When you’re trying to make some developmental headway in the confounding conundrum that is Haiti, the prospect can be so daunting, it’s hard to know where to start. But often, the most obvious place is staring you right in the face.And that is exactly where Heifer International is putting its stake in the ground: with the basic development tools of animals, food, and farms through its new REACH program (Rural Entrepreneurs for Agricultural Cooperation in Haiti). When you look at the numbers, it makes all the sense in the world. Out of about one million small farms in Haiti, 85% raise poultry, 65% have goats, 55% cattle, and 35% pigs. Yet, those efforts are not coordinated, the stock is poor, and markets are far-flung and inaccessible to farmers.
So Heifer partnered with Tèt Kole Ti Peyizan Ayisyen (Heads Together Small Producers of Haiti), the oldest peasant group in Haiti born covertly in 1970 during the Duvalier dictatorship, and with MST Landless Workers’ Movement of Brazil, to build this 270- square meter, 180-goat breeding center and 10,000-chick poultry center, along with a water-capturing system from a source 5.5 kilometers away.

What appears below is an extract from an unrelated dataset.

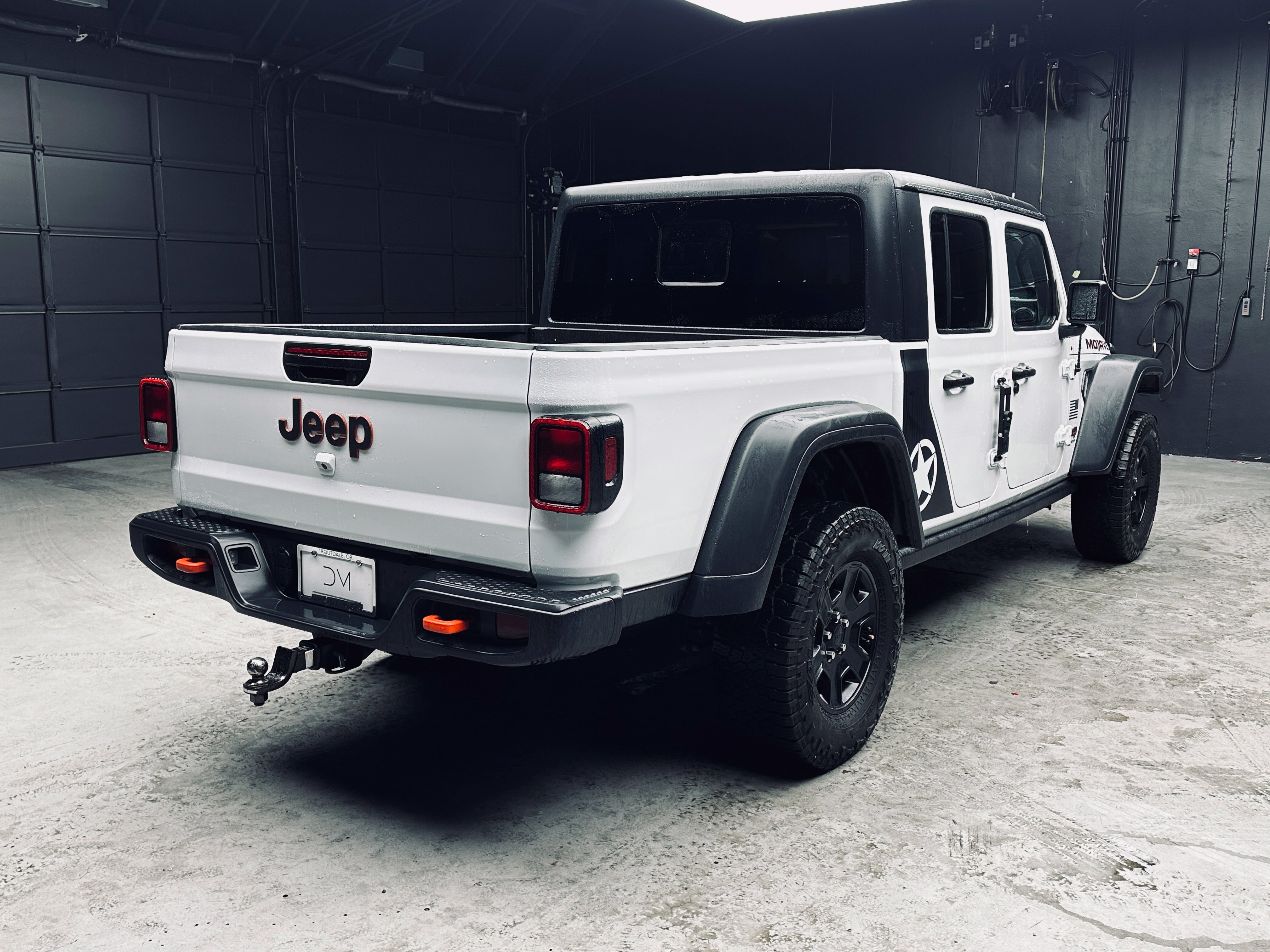 Used 2023 Jeep Gladiator Mojave w/ Cold Weather Group AWD/4WD image 6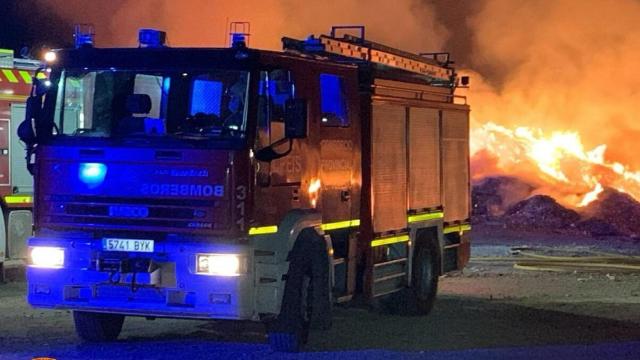 Los bomberos de Toledo muestran en un vídeo lo que hay que hacer para que lleguen rápidamente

The centers are beautiful (built with recycled pallets!) but the really gorgeous thing is what they represent for the future: A better breed of goats and chickens that can incrementally improve livestock bloodlines. The coordinated training of Community Animal Health workers who can teach other farmers to grow forage crops, fruit trees, compost, and breed their animals in the healthiest, most productive way. And the development of value chains to bring farmers together to establish new markets and increase their incomes by 100%.
Heifer’s ambitious plan is to select the most successful and entrepreneurial farmers (at least 30% of them women) from these training programs and provide them with the animals and business acumen to start 100 goat and 50 pig breeding centers throughout Haiti, with an ultimate reach of improving the lives of 20,250 farming households. Now that’s reproduction at its finest!Still, there’s a long way to go before Haiti comes anywhere close to being able to feed itself. Even before the $31 million of agricultural damage in the 2010 quake, and the 70% loss of its crops in the 2008 hurricane season, Haiti was importing 51% of its food, at a crushing expense to its 9 million people. Heifer needs to raise $13 million to make this program a reality, and then there are five years of hard rowing ahead.
But to paraphrase Robert Frost & the Nine Inch Nails, the only way out is through.
As I was standing on the top of the Montrouis cliff overlooking the ocean, listening to the wind and hearing the bleating of goats, imagining the magic of water soon transforming dry grasses into crops, that prospect didn’t seem so bleak.